§ Problem to work on:
Below is a listing with pictures in it; transcribe exactly the lines from the one that has "Літня жінка п'є чай" through the one that has "Artificial grass carpet", and omit those pictures.

§ Data supplied:
▼

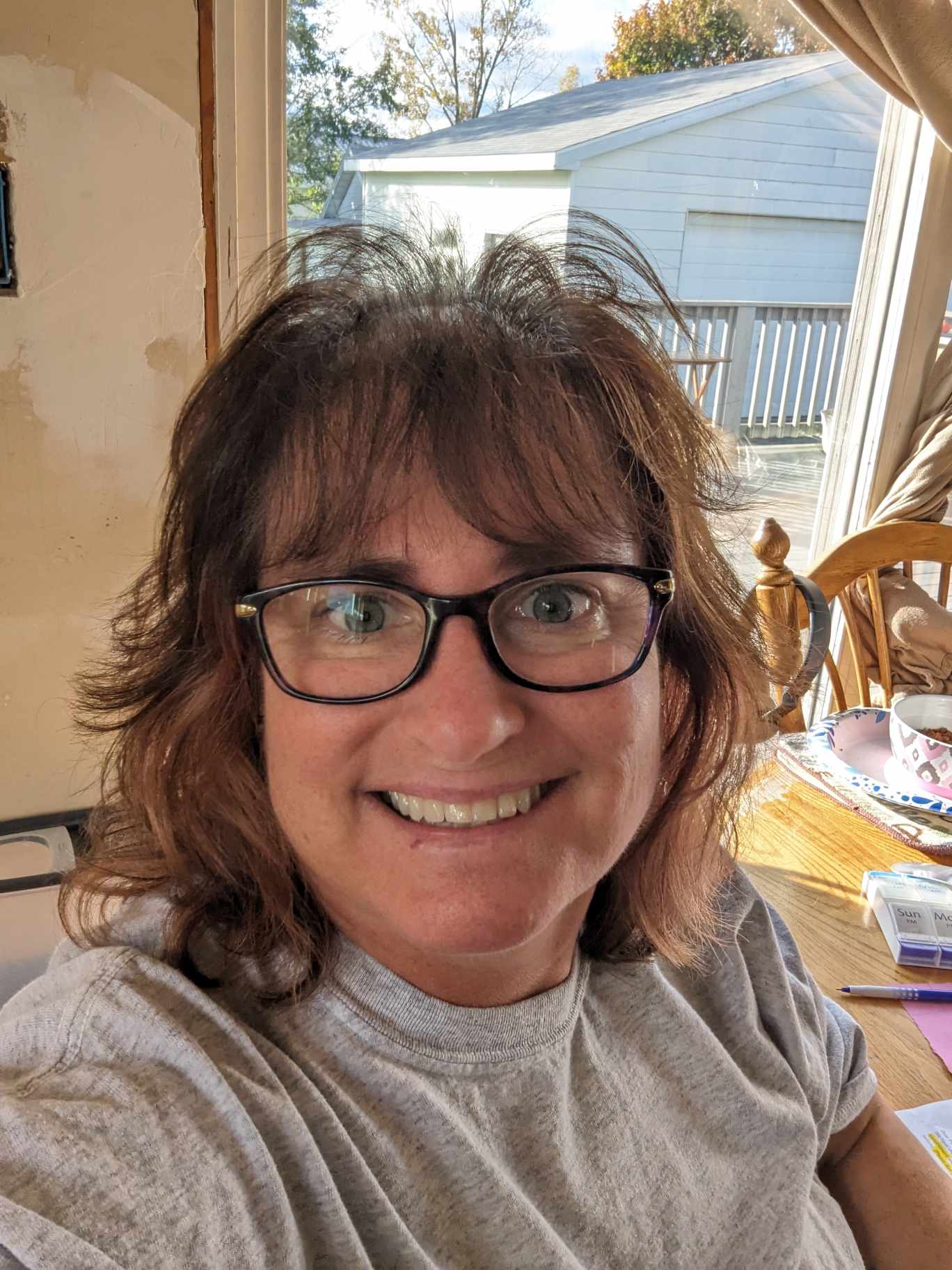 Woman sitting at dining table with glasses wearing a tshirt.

▲
▼

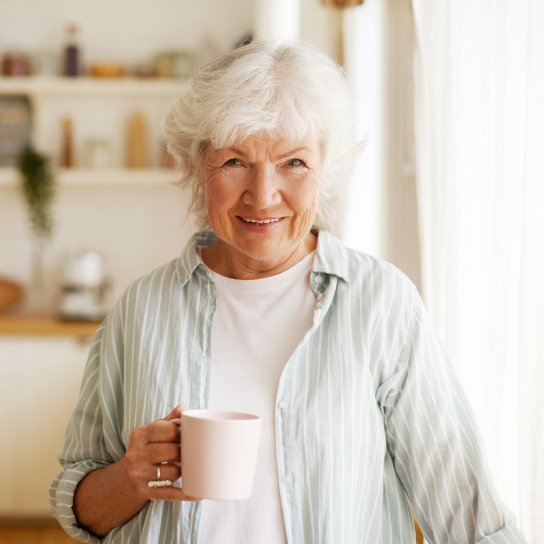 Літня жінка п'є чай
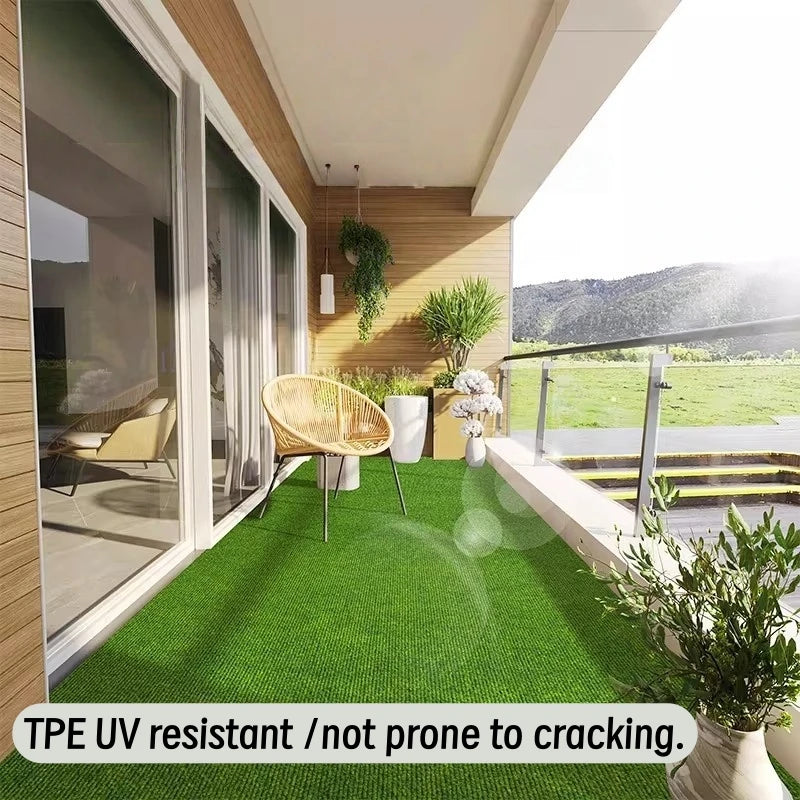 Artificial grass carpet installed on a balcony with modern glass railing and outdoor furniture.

▲

§ Answer area:
 Літня жінка п'є чай
 Artificial grass carpet installed on a balcony with modern glass railing and outdoor furniture.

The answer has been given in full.